Measuring difficulty bias requires data where judgment is delivered in two parts: difficulty and execution. This can be found in the world of elite level gymnastics. Elite gymnasts receive scores based on the difficulty of the task and

the execution of this task. One panel of judges is charged to evaluate the execution, and only the execution, of the routine, with an independent panel of judges evaluating the difficulty, and only the difficulty, of each routine. In other words, execution judges should not be concerned with the difficulty of the routine, and difficulty judges should not be influenced by the execution. Because the judges sit on separate panels, we can determine if the difficulty of the routine influences the execution score.

Using normalized data, mean zero and standard deviation of one, we regress execution score on difficulty score, with additional controls. We find that a participant's overall score is artificially inflated when that athlete attempts a more difficult routine. Figure 1 shows the extent of this bias. Increasing one's difficulty by one standard deviation artificially inflates the execution measure by 0.21 standard deviations.

Likewise, attempting a less difficult routine, one that is one standard deviation below the mean, decreases the execution score by 0.45 standard deviations.

This finding has major implications for the ability of judges to accurately rank individuals. In situations where judgment is passed on a given performance, participants may choose to execute a more difficult gymnastics routine, play a more complex piece of music at an audition, tackle a more challenging research topic when applying for a grant, or even use impracticable statistical approaches to impress a referee; all with the knowledge that the difficult act in question may influence the evaluator, resulting in a biased execution score.

The next section provides background on types of judging bias including order bias, reference bias, and others.

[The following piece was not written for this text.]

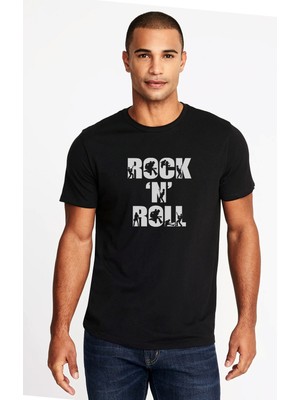 Qivi Rock'n Roll Rock Baskılı Siyah Erkek Örme Tişört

We also outline the ways in which our dataset allows us to distinguish between forms of bias. Section III discusses an overview of the data and is followed in Section IV by the methodology, with the limitations of our data. Section V discusses our addition to the literature, difficulty bias, in detail. The last section concludes with policy implications.

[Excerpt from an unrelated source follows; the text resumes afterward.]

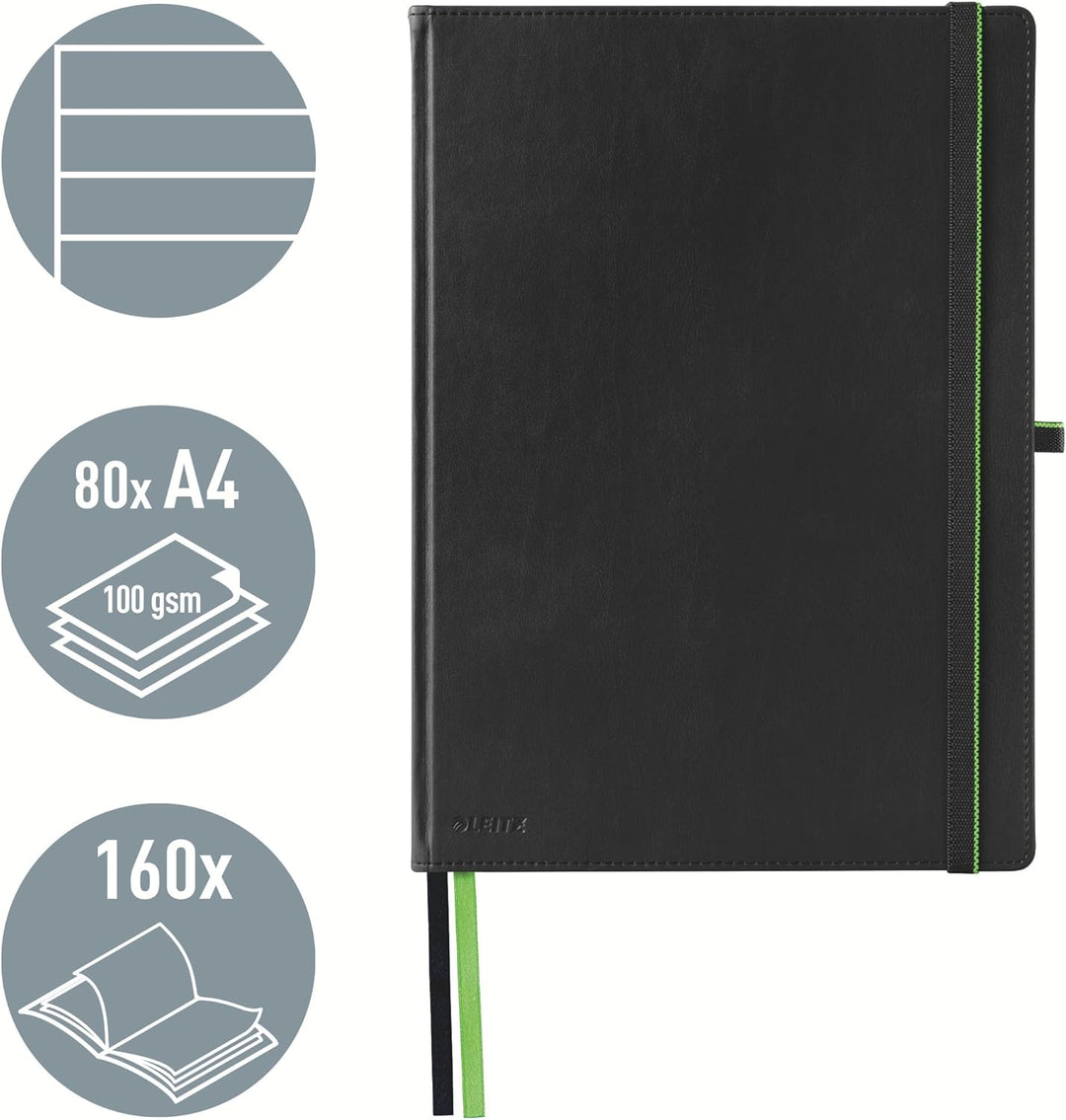 Leitz Complete Qualitäts-Notizbuch A4 liniert, 160 Seiten, 80 Blatt, Hardcover mit hochwertigem Einb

II. TYPES OF POTENTIAL BIAS IN SEQUENTIAL ORDER EVENTS

The psychology literature looks at judgment bias in sequential order events, finding two key effects: a primacy effect and a recency effect. If primacy exists, the first person or people to perform are judged more accurately. If judges better remember late effects, a recency effect results. Gershberg and Shimamura (1994) and Burgess and Hitch (1999) conclude that in a sequential order contest it would be best to go either first or last, but not in the middle. The economics literature takes a different view on this idea. In situations where the scores of each contestant are finalized before the next contestant competes, as is the situation with our data, findings of an overall order bias are more common.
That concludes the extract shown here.